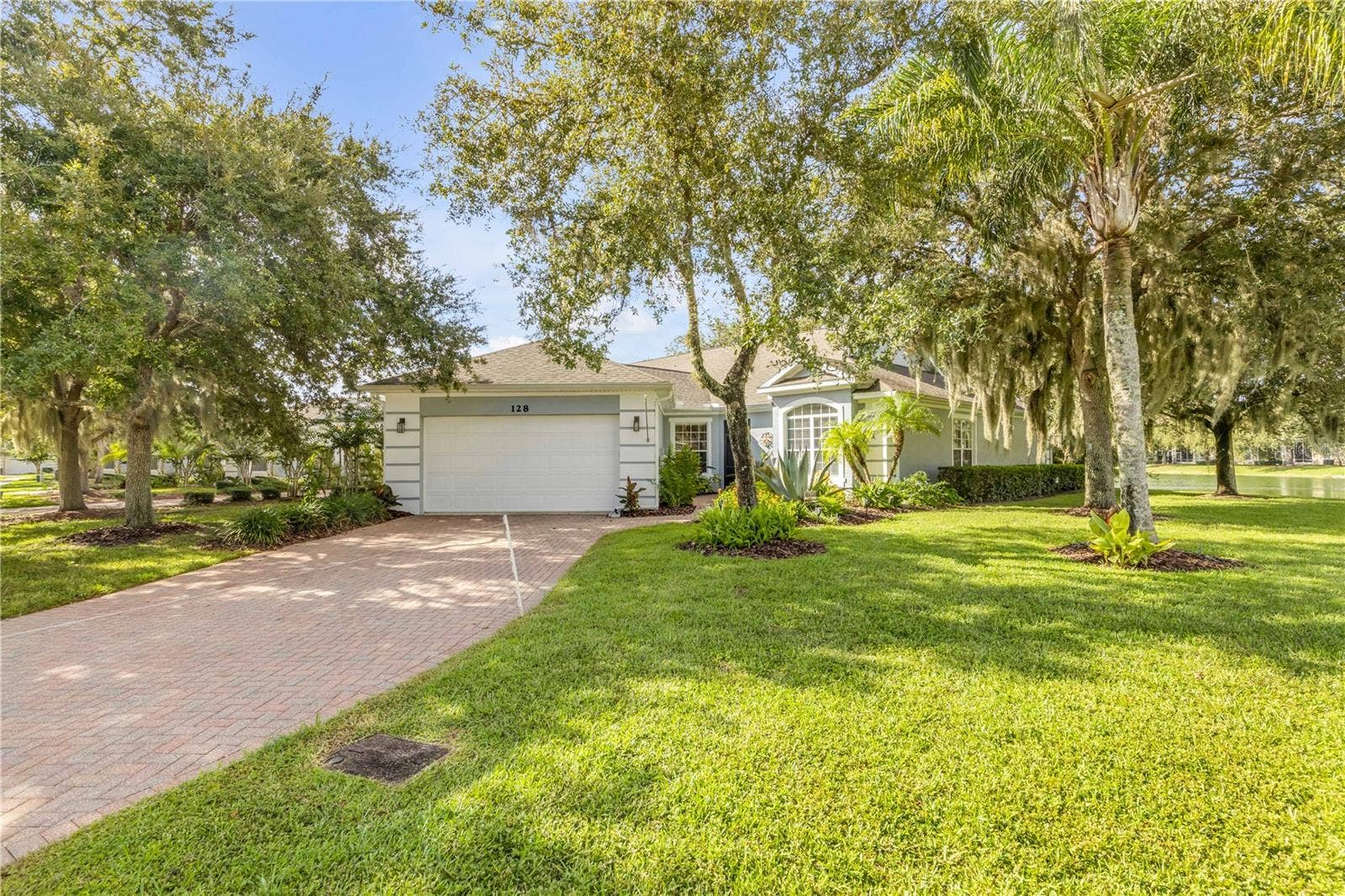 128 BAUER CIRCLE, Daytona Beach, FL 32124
━━━━━━
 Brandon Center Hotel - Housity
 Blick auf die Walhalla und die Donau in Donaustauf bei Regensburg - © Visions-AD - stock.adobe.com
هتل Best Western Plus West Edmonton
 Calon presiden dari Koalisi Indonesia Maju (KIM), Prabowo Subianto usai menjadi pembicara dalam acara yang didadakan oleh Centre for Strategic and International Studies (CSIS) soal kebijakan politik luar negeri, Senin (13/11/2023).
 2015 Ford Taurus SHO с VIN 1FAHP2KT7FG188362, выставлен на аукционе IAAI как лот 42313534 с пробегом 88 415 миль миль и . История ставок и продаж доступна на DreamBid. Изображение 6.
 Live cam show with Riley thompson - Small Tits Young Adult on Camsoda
━━━━━━
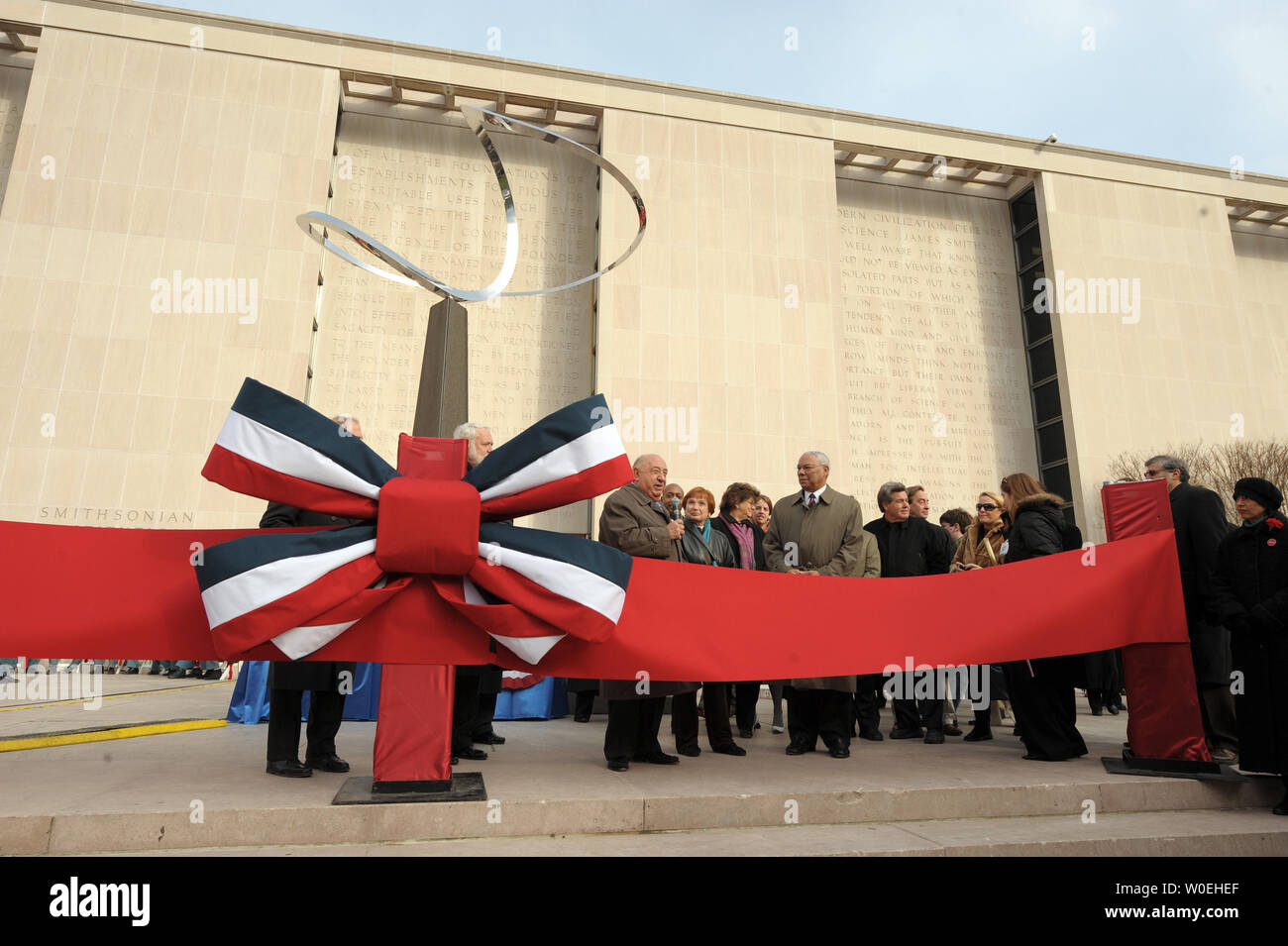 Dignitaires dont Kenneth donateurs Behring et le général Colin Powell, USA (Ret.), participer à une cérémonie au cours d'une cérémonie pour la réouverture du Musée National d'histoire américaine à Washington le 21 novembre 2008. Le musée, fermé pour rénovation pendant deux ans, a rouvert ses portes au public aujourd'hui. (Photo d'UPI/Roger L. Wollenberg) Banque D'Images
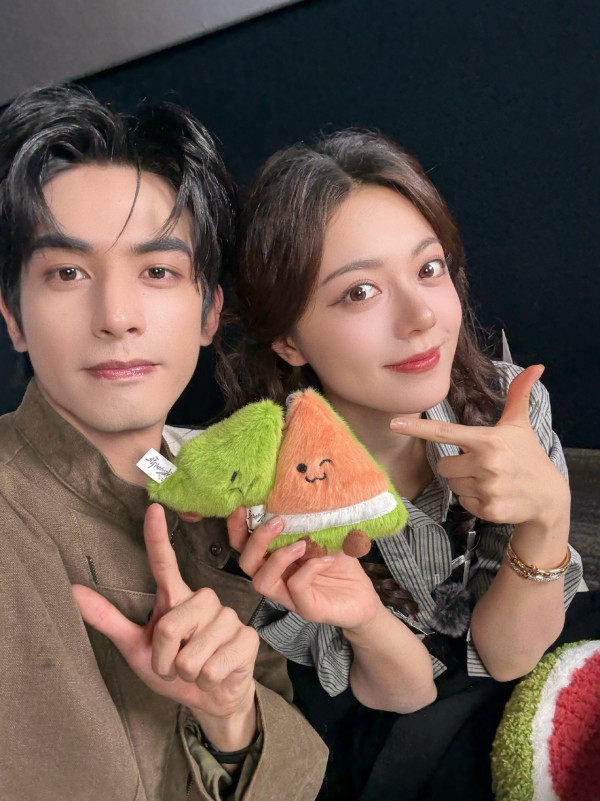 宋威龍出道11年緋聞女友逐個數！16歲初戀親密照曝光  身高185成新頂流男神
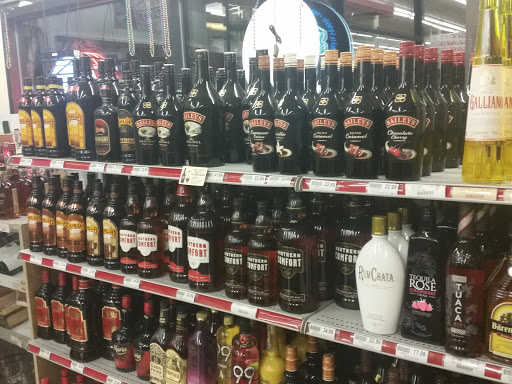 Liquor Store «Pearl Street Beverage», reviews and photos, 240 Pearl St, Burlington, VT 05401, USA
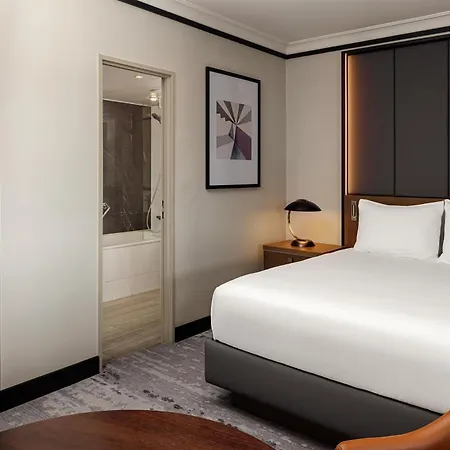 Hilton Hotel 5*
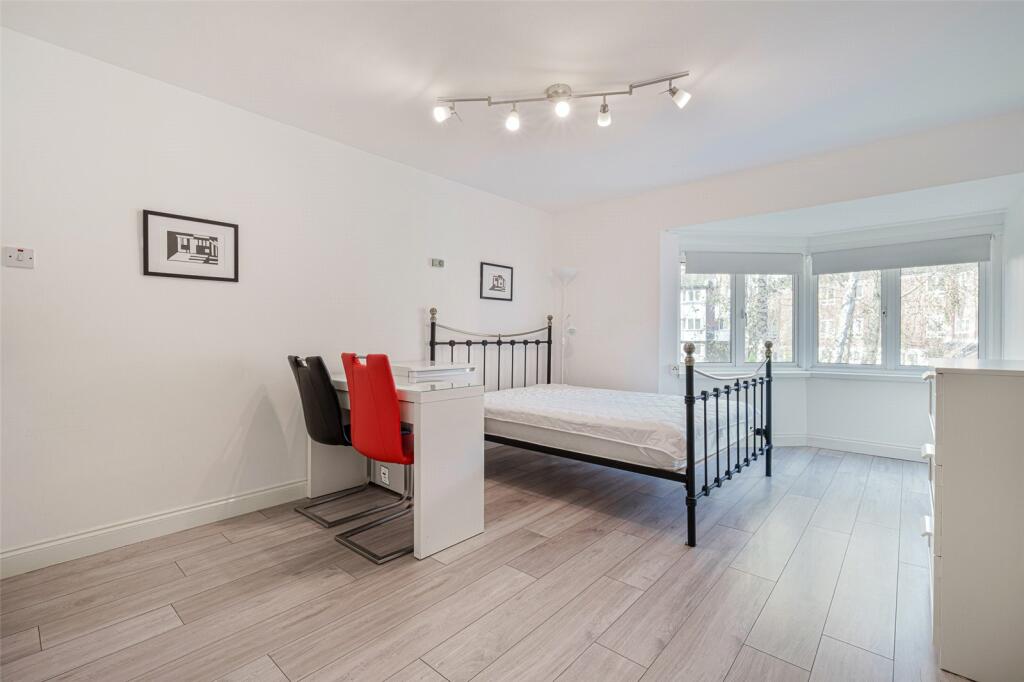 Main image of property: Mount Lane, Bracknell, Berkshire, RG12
━━━━━━
▶ _Exercise requirements_
Please return the lines above that run from the line containing "هتل Best Western Plus West Edmonton" to the line containing "Live cam show", inclusive, exactly and with no other lines.

▶ _Answer to this exercise_
هتل Best Western Plus West Edmonton
 Calon presiden dari Koalisi Indonesia Maju (KIM), Prabowo Subianto usai menjadi pembicara dalam acara yang didadakan oleh Centre for Strategic and International Studies (CSIS) soal kebijakan politik luar negeri, Senin (13/11/2023).
 2015 Ford Taurus SHO с VIN 1FAHP2KT7FG188362, выставлен на аукционе IAAI как лот 42313534 с пробегом 88 415 миль миль и . История ставок и продаж доступна на DreamBid. Изображение 6.
 Live cam show with Riley thompson - Small Tits Young Adult on Camsoda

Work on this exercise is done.